Based in New Zealand and founded in 1999, Straker Translations has established itself as a leading global technology driven translation services platform. Straker has developed a hybrid translation platform that utilises a combination of machine translation and a crowd sourced pool of freelance translators.

Straker's cloud-based platform manages the end-to-end translation process, leveraging machine translation technology (comprising both third-party owned engines and engines within Straker's platform) to create a first draft translation and subsequently matching the customer's content with one or more of the approximately 13,000 crowd-sourced human freelance translators for refinement. This process is managed using Straker's proprietary 'RAY Translation Platform' which has been developed over eight years and is an enterprise grade, end-to-end cloud-based platform. By leveraging machine translation and its big data assets, the RAY Translation Platform enables the delivery of faster and more accurate translations, lowering the time and cost to deliver versus traditional translation services.

The platform can be integrated directly into customers' systems and consists of a customer dashboard, machine translation integration and modules for assisting and managing translators.

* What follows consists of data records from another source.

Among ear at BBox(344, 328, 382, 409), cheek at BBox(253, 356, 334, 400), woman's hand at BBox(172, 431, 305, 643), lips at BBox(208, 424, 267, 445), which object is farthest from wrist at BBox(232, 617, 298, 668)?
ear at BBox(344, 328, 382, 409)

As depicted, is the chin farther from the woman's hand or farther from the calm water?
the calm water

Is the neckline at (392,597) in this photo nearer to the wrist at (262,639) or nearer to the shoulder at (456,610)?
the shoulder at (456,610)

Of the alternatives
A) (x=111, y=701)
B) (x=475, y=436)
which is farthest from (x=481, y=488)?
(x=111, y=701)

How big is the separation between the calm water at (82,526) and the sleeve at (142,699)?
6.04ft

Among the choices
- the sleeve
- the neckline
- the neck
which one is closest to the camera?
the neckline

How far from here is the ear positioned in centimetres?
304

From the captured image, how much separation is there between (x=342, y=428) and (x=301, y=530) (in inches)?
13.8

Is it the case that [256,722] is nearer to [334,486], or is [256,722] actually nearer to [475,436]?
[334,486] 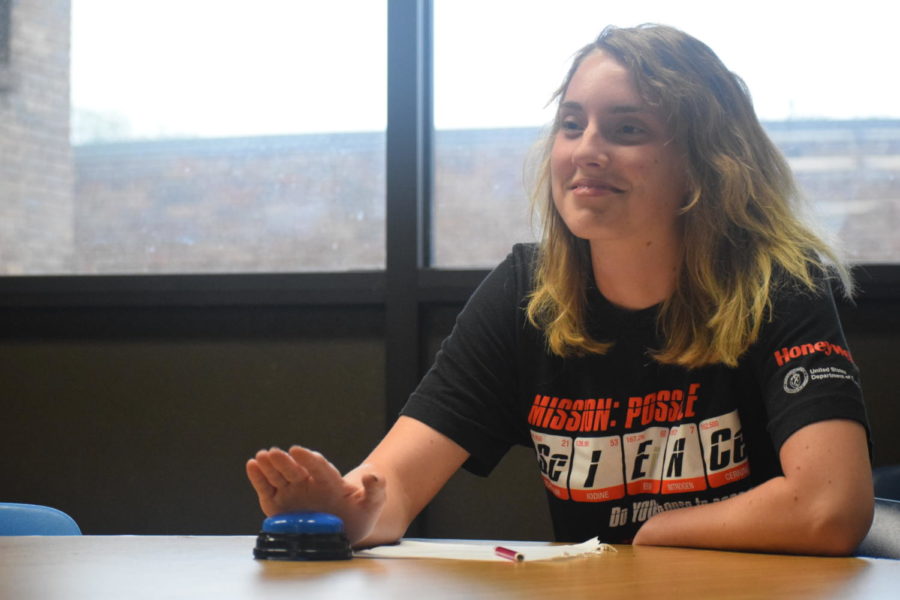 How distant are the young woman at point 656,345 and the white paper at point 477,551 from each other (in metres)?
0.11

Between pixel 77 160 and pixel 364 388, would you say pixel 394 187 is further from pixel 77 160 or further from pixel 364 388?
pixel 77 160

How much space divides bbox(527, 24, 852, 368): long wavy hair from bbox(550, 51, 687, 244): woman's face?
0.03 m

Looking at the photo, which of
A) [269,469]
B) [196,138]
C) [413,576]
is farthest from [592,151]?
[196,138]

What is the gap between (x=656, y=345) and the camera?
5.36ft

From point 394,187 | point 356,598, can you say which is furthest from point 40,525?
point 394,187

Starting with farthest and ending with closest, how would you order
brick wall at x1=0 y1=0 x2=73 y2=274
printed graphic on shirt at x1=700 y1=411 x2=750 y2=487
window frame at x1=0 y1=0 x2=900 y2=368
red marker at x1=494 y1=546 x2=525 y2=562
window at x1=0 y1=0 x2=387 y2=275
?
brick wall at x1=0 y1=0 x2=73 y2=274
window at x1=0 y1=0 x2=387 y2=275
window frame at x1=0 y1=0 x2=900 y2=368
printed graphic on shirt at x1=700 y1=411 x2=750 y2=487
red marker at x1=494 y1=546 x2=525 y2=562

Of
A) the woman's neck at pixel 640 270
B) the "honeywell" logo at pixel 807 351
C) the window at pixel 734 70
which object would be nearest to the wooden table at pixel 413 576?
the "honeywell" logo at pixel 807 351

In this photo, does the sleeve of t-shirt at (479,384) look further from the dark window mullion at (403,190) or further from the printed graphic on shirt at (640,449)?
the dark window mullion at (403,190)

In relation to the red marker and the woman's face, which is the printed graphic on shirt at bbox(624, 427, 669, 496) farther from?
the red marker

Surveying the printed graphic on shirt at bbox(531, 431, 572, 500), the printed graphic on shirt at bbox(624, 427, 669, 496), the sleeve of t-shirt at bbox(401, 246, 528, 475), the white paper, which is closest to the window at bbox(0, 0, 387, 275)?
the sleeve of t-shirt at bbox(401, 246, 528, 475)

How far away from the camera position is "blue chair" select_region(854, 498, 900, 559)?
140cm

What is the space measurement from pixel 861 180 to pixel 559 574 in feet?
6.56

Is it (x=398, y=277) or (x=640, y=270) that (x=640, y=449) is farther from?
(x=398, y=277)

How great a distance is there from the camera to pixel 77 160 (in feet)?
10.5
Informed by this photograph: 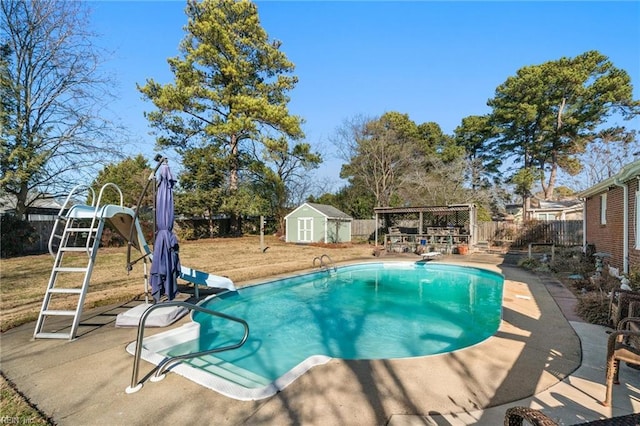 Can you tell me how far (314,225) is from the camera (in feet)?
80.0

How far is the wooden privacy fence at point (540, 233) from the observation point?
18.2 meters

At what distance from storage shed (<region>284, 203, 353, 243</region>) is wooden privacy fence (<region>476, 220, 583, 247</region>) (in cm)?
1079

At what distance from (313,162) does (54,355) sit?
22127mm

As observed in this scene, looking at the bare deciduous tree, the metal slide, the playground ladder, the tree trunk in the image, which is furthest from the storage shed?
the playground ladder

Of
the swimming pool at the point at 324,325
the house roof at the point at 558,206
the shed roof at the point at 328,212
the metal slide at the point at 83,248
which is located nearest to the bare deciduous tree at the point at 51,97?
the metal slide at the point at 83,248

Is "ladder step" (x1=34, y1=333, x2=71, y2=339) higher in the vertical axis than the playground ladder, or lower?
lower

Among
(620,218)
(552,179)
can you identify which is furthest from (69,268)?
(552,179)

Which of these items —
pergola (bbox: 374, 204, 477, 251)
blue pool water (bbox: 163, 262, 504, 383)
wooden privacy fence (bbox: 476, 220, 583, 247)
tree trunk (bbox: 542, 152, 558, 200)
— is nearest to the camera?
blue pool water (bbox: 163, 262, 504, 383)

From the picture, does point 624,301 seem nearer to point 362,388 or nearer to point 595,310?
point 595,310

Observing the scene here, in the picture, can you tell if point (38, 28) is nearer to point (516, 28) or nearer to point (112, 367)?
point (112, 367)

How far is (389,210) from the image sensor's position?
19078 mm

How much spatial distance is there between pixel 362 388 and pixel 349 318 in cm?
462

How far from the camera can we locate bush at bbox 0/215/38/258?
43.4ft

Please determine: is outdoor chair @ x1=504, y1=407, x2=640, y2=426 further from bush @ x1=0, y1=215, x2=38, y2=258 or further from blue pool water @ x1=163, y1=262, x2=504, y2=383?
bush @ x1=0, y1=215, x2=38, y2=258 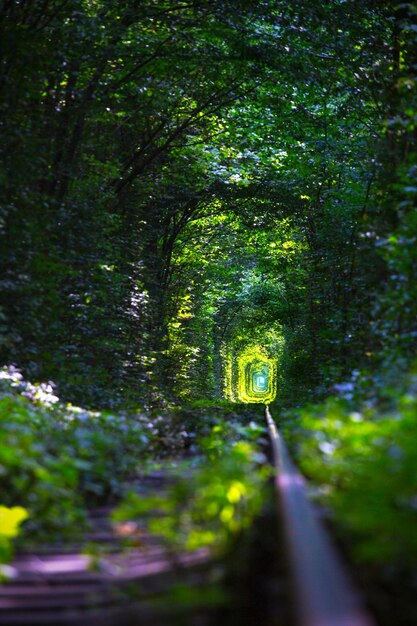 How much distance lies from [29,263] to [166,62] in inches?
234

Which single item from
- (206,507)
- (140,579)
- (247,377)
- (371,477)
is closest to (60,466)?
(206,507)

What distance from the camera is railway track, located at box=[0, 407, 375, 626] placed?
90.7 inches

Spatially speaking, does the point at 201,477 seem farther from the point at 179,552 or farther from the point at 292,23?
the point at 292,23

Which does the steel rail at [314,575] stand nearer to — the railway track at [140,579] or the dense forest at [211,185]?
the railway track at [140,579]

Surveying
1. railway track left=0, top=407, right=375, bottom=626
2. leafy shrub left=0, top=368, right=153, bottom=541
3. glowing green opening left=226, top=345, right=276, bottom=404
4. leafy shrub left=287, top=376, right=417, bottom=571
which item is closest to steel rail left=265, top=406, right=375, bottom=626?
railway track left=0, top=407, right=375, bottom=626

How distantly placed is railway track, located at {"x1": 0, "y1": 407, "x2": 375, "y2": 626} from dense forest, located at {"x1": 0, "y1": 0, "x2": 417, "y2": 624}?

Being a cloud-based platform, Straker has the ability to capture vast amounts of translated data sets and data on the quality and speed of the freelance translators which is unlike many of its competitors where the work undertaken by translators is not performed on a centralised platform. As Straker's translation data set grows, so does the efficiency with which Straker and the translators can operate. Unlike many of its competitors, Straker primarily charges its customers by the word but translators charge by the hour. As the efficiency of its platform increases, this advantage is reﬂected in improved economics.

In FY18, Straker provided services for approximately 8,400 customers globally with 88% of pro forma revenues sourced from outside Australia and New Zealand.

It is anticipated that STG will list on the ASX during October 2018.

https://www.strakertranslations.com


----------



## Dona Ferentes (11 November 2020)

Shares in local small cap language translation tech company *Straker *have soared 49 per cent after it closed a potentially game-changing deal with tech giant IBM.

On Wednesday Straker announced that IBM had signed a two-year deal with the business to use its artificial-intelligence-powered translation services for 55 languages. The contract extends its relationship with the Aussie company, whose services it had been using since 2018, but previously only for Spanish translations.....

_Weekly, since listing :_


----------



## Tommy Shelby (5 June 2022)

2022 FY Annual Report highlights below;

$56m rev 2022
54% gross profit margin
$15m cash in the bank down from $25m from the cap raise last year.
Adjusted (_technically_) positive EBITDA
Forecasting 20% revenue growth next year ($65-70m)
I haven't dug too deeply into it but I assume that the majority of their revenue comes from IBM? obviously this creates questions around risk due to the client concentration.

The company goal is $100m revenue PA at a gross margin of 50-60% with current overheads at $35m approx. 

Market Cap of $77m which seems quite cheap when you run through it. Dumb question but how does this compare to Appen in terms of the model itself?


----------